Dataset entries
■ ■ ■

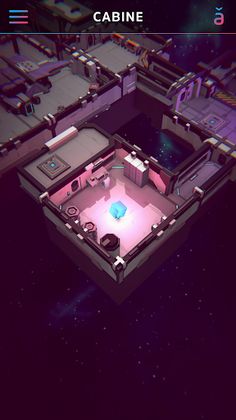 Experiência Imersiva E2A - Screenshot 2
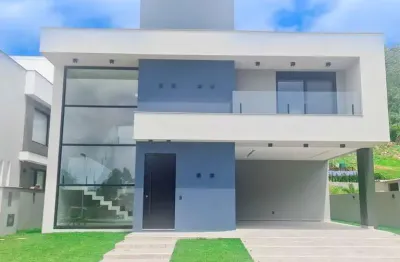 Casa com 4 quartos à venda na Rua Três Marias, 285, Ingleses do Rio Vermelho, Florianópolis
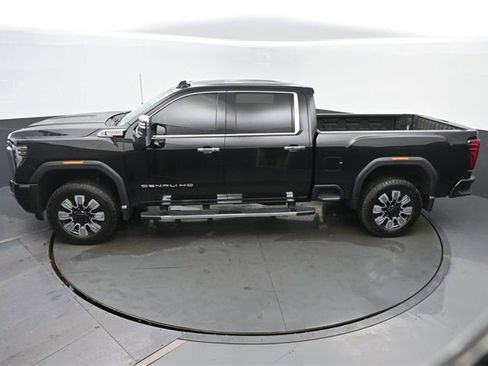 Used 2024 GMC Sierra 2500 Denali w/ Denali Reserve Package image 43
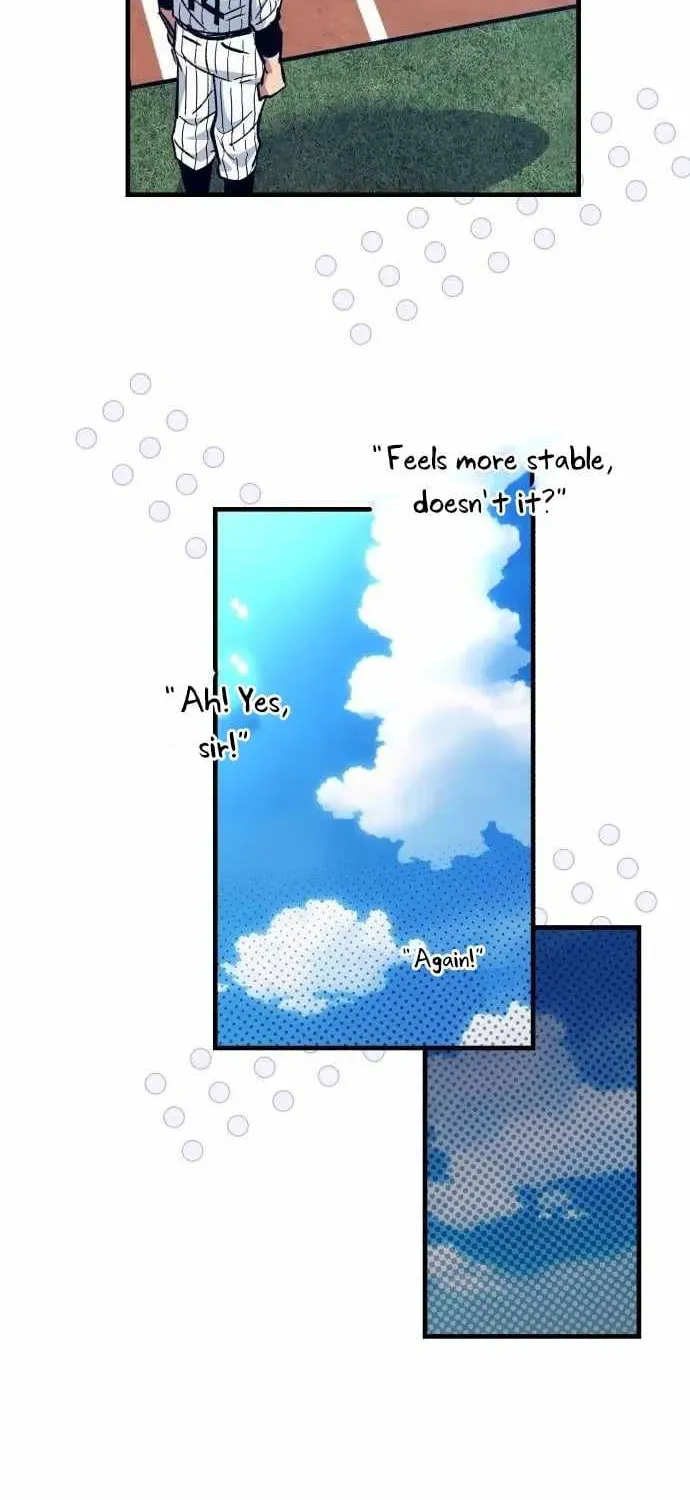 All the Aces Are Obsessed With Me — Chapter 19 — page 72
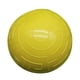 thumbnail image 1 of Piedra de equilibrio semicircular para escalones, pista de obstáculos duradera para interiores y exteriores Amarillo, 1 of 9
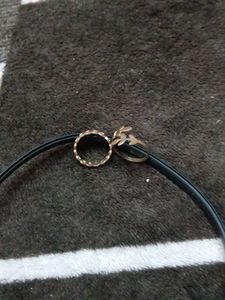 Cute Ring Set in copper color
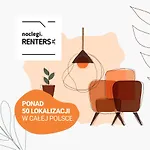 Studio Kasprzaka Varsovia By Noclegi Renters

■ ■ ■

From the first line to the last, copy the records exactly and skip the pictures.

● **ANSWER**
 Experiência Imersiva E2A - Screenshot 2
 Casa com 4 quartos à venda na Rua Três Marias, 285, Ingleses do Rio Vermelho, Florianópolis
 Used 2024 GMC Sierra 2500 Denali w/ Denali Reserve Package image 43
 All the Aces Are Obsessed With Me — Chapter 19 — page 72
 thumbnail image 1 of Piedra de equilibrio semicircular para escalones, pista de obstáculos duradera para interiores y exteriores Amarillo, 1 of 9
 Cute Ring Set in copper color
 Studio Kasprzaka Varsovia By Noclegi Renters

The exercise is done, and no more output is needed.